Basic settings and parameters

EBTgymEnv() class comes preconfigured for quick setting. Basicaly one need to provide at least data file keyword argument to set it up.

BTgym relies on Backtrader framework for actual environment rendering. Environment customisation can be done either via setting basic set of parameters, inherited from Backtrader computational engine, or passing to env. complete engine subclass. This example covers basic setting, while later option gives complete control over backtasting logic and environment becames as flexible as Backtrader itself.

Besides, there is another bunch of vital options related to reinforcement learning setting: observation and action space parameters and episode setting.

One can eyeball internal environment parameters by looking at nested MyEnvironment.params dictionary consisting of these subdictionaries:

  • params['dataset'],
  • params['engine'],
  • params['strategy'],
  • params['render'].
  • Look at source files for exact parameters descriptions, since complete doc. reference is yet to come. ##### Here all parameters are left to defaults values:

In [ ]:
from btgym import BTgymEnv

# Handy function:
def under_the_hood(env):
    """Shows environment internals."""
    for attr in ['dataset','strategy','engine','renderer','network_address']:
        print ('\nEnv.{}: {}'.format(attr, getattr(env, attr)))

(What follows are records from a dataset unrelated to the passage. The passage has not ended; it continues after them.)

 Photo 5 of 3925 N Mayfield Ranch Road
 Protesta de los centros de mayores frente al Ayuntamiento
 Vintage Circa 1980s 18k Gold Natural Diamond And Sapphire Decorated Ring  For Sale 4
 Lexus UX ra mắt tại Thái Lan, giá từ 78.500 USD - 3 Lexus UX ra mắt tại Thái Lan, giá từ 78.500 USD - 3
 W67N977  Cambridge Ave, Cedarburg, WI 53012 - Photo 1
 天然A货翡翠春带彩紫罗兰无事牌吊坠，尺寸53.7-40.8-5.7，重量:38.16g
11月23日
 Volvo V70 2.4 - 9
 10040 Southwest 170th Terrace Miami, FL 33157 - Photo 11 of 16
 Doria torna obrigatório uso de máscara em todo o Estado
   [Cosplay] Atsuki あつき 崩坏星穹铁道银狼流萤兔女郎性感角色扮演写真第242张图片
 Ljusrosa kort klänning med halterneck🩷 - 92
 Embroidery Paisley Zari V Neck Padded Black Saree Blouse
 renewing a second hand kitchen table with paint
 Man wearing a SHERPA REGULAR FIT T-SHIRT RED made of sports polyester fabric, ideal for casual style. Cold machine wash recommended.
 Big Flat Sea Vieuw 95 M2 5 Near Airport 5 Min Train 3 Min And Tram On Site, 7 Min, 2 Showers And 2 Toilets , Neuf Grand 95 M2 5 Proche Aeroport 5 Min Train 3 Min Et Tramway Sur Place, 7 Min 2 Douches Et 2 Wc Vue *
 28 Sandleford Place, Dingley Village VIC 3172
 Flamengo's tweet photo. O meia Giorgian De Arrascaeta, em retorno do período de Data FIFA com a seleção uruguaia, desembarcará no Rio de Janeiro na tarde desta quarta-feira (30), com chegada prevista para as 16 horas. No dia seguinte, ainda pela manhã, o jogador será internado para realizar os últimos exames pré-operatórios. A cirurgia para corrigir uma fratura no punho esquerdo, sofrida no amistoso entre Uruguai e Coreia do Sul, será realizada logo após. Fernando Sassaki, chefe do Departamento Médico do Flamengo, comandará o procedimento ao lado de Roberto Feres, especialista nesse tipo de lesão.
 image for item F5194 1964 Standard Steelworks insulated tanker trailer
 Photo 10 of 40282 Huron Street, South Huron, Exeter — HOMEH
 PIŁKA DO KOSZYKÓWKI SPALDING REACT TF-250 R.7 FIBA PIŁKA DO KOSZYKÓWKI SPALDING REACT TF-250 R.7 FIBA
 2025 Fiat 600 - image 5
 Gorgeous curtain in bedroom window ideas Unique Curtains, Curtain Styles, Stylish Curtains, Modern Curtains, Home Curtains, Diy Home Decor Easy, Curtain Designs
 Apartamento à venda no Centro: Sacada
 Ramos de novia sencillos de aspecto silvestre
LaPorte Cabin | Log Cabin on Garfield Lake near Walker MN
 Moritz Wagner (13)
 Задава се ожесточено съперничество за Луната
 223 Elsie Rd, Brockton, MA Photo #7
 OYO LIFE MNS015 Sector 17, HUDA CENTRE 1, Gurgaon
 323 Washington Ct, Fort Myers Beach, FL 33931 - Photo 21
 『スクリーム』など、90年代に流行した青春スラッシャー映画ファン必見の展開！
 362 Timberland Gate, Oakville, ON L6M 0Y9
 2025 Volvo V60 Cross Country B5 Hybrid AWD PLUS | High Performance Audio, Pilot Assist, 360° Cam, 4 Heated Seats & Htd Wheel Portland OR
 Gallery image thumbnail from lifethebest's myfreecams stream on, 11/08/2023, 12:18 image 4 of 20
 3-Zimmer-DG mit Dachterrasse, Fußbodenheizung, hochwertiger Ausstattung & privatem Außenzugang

    for params_name, params_dict in env.params.items():
        print('\nParameters [{}]: '.format(params_name))
        for key, value in params_dict.items():
            print('{} : {}'.format(key,value))

In [ ]:
# Simpliest trading environment,
# using year-long dataset of one minute bars for EUR/USD currency pair: 

 
MyEnvironment = BTgymEnv(filename='./data/DAT_ASCII_EURUSD_M1_2016.csv',)

# Print environment configuration:
under_the_hood(MyEnvironment)

# Clean up:
MyEnvironment.close()

More control:

One can tweak environment setup by passing set of kwargs:

In [ ]:
from gym import spaces

MyEnvironment = BTgymEnv(filename='../examples/data/DAT_ASCII_EURUSD_M1_2016.csv',
                         
                     # Dataset and single random episode related parameters:
                         
                         # We start trading on mondays, thuesdays and wednesdays:
                         start_weekdays=[0, 1, 2],
                         # Want total episode duration to be no more than 1 day 23h 55min:
                         episode_duration={'days': 1, 'hours': 23, 'minutes': 55},
                         # Want to start every episode at the begiining of the day:
                         start_00=True,
                         
                     # Broker and trade realted:
                         
                         # Set initial capital:
                         start_cash=100,
                         # Set broker commission as 0.2% of operation value:
                         broker_commission=0.002,
                         # We use fixed stake of size 10:
                         fixed_stake=10,
                         # We want stop episode if 30% of initial capital is lost:
                         drawdown_call=30,
                         
                     # RL environment related parameters:
                         
                         # Set observation shape. By convention, first dimension 
                         # is time embedding dimensionality;
                         # that's basically means we get sequence of 30 last  
                         # [o,h,l,c] candels as our one-step environment observation:
                         
                         state_shape=dict(raw=spaces.Box(low=0,high=1,shape=(30,4))),
                                          
                         # BTgym uses multi-modal observation space which is basically dictionary
                         # consisting of simple gym spaces (Box, discrete, etc.)
                         # For the built-in `raw_state` setting high and low is dummy, because
                         # environment will infer values from entire dataset statistic.
                         
                     # Other parameters:
                         
                         # Network port to use; note that using multiply environments at once reqires expliciltly
                         # setting different ports to avoid meesing up. If your jupyter kernel suddenly dies
                         # when running new environment - that's may be because of port conflict,
                         # or 'previous' environment instance (client-side) is still running.
                         # Don't panic, just clear up and restart kernel,
                         # or use env.close() to shut down all the services.
                         port=5555,
                         # Data-server port to use, same as above apply:
                         #data_port=4600,
                         # Be chatty: settting this to 1 makes environment report what's going on;
                         # 2 is for debugging, dumps out a lot of data:
                         verbose=1,)

# Eyeball configuration:
under_the_hood(MyEnvironment)

# Clean up:
MyEnvironment.close()

Registering environment:

OpenaAI way of making environment is to register it with cpecific set of parameters under some unique name and instantiate it via calling make() method. This helps for standartization and correct evaluation of results uploaded to Gym board.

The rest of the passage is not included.